You are viewing a plain text version of this content. The canonical link for it is here.
Posted to commits@tez.apache.org by je...@apache.org on 2014/11/17 20:22:47 UTC
[38/50] [abbrv] tez git commit: TEZ-1642. TestAMRecovery sometimes
fail. (zjffdu)
TEZ-1642. TestAMRecovery sometimes fail. (zjffdu)
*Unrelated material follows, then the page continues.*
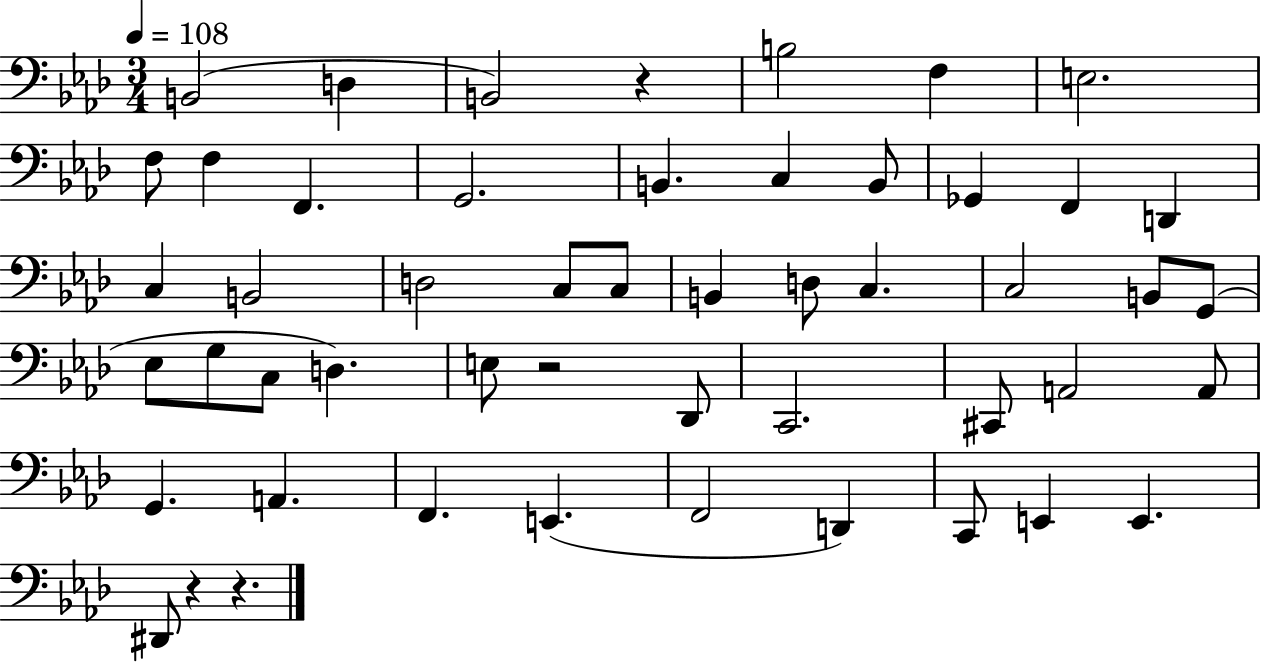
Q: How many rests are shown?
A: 4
Project: http://git-wip-us.apache.org/repos/asf/tez/repo
Commit: http://git-wip-us.apache.org/repos/asf/tez/commit/6dda1d77
Tree: http://git-wip-us.apache.org/repos/asf/tez/tree/6dda1d77
Diff: http://git-wip-us.apache.org/repos/asf/tez/diff/6dda1d77
Branch: refs/heads/TEZ-8
Commit: 6dda1d77bcd6460780144ae2aab905c2a255e94a
Parents: a7d55e4
Author: Jeff Zhang <zj...@apache.org>
Authored: Tue Nov 11 09:08:04 2014 +0800
Committer: Jeff Zhang <zj...@apache.org>
Committed: Tue Nov 11 09:08:04 2014 +0800
----------------------------------------------------------------------
CHANGES.txt | 1 +
.../org/apache/tez/test/TestAMRecovery.java | 62 ++++++++++++++------
2 files changed, 44 insertions(+), 19 deletions(-)
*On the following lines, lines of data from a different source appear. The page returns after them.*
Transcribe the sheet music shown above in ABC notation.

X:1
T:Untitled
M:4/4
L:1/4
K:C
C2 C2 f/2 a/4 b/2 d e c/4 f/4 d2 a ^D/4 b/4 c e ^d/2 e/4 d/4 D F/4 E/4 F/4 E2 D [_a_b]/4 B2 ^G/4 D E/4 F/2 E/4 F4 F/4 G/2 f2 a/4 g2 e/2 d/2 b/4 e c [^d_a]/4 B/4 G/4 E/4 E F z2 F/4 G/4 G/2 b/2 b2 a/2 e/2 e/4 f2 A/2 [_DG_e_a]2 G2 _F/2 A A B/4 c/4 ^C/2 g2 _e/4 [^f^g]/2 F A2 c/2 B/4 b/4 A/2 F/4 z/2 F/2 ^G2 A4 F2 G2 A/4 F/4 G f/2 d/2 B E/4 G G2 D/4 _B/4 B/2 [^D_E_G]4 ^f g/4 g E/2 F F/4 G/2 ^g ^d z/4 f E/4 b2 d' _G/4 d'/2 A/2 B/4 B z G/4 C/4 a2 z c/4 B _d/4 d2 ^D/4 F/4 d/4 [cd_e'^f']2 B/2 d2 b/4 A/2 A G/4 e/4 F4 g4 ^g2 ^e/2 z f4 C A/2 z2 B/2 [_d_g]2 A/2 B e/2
----------------------------------------------------------------------
http://git-wip-us.apache.org/repos/asf/tez/blob/6dda1d77/CHANGES.txt
----------------------------------------------------------------------
diff --git a/CHANGES.txt b/CHANGES.txt
index 57a0c7f..57ca0a4 100644
--- a/CHANGES.txt
+++ b/CHANGES.txt
@@ -21,6 +21,7 @@ ALL CHANGES:
TEZ-1749. Increase test timeout for TestLocalMode.testMultipleClientsWithSession
TEZ-1750. Add a DAGScheduler which schedules tasks only when sources have been scheduled.
TEZ-1761. TestRecoveryParser::testGetLastInProgressDAG fails in similar manner to TEZ-1686.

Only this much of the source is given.